Going line by line through the records below, write out everything starting with the line containing "Lahan Strategis Zona" and going on through the line containing "Bandana para mascota", exactly and inclusively. Pictures do not go in.

## Input for this task
>>>>>

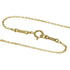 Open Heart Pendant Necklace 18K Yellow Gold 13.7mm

<<<<<
>>>>>

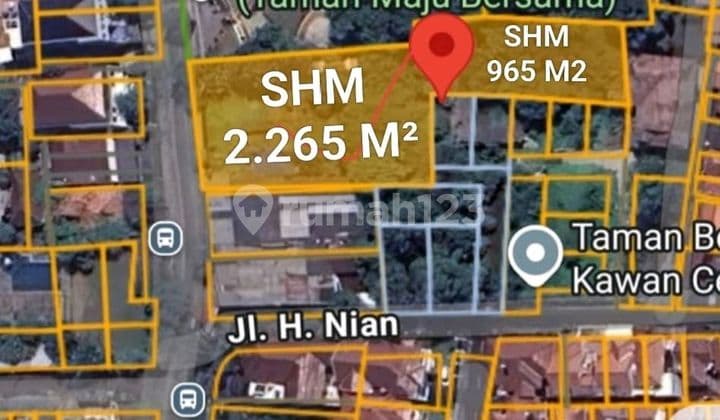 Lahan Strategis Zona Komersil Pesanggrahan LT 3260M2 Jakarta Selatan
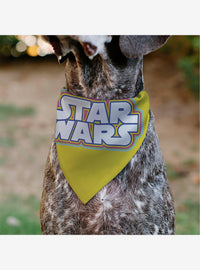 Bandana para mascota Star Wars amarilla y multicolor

<<<<<
>>>>>

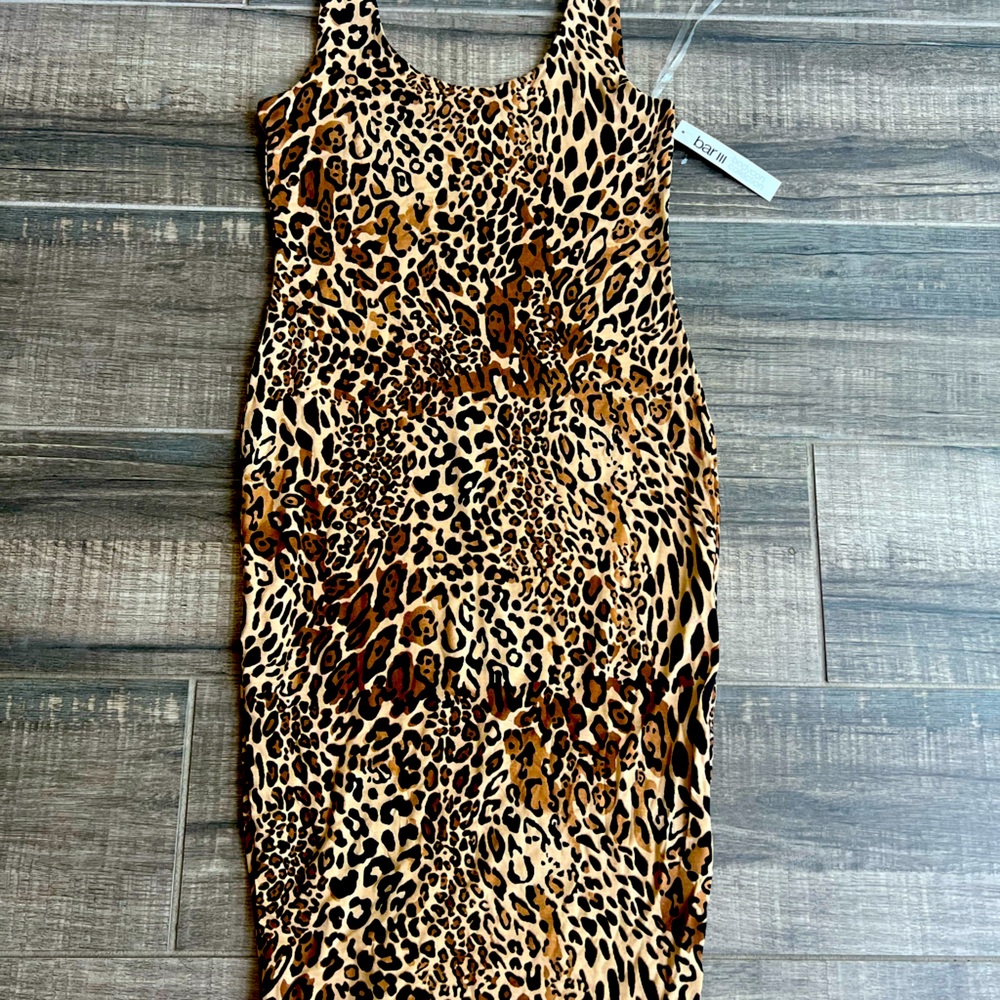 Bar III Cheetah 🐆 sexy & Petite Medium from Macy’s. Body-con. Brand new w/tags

<<<<<

## Solution for this exercise
 Lahan Strategis Zona Komersil Pesanggrahan LT 3260M2 Jakarta Selatan
 Bandana para mascota Star Wars amarilla y multicolor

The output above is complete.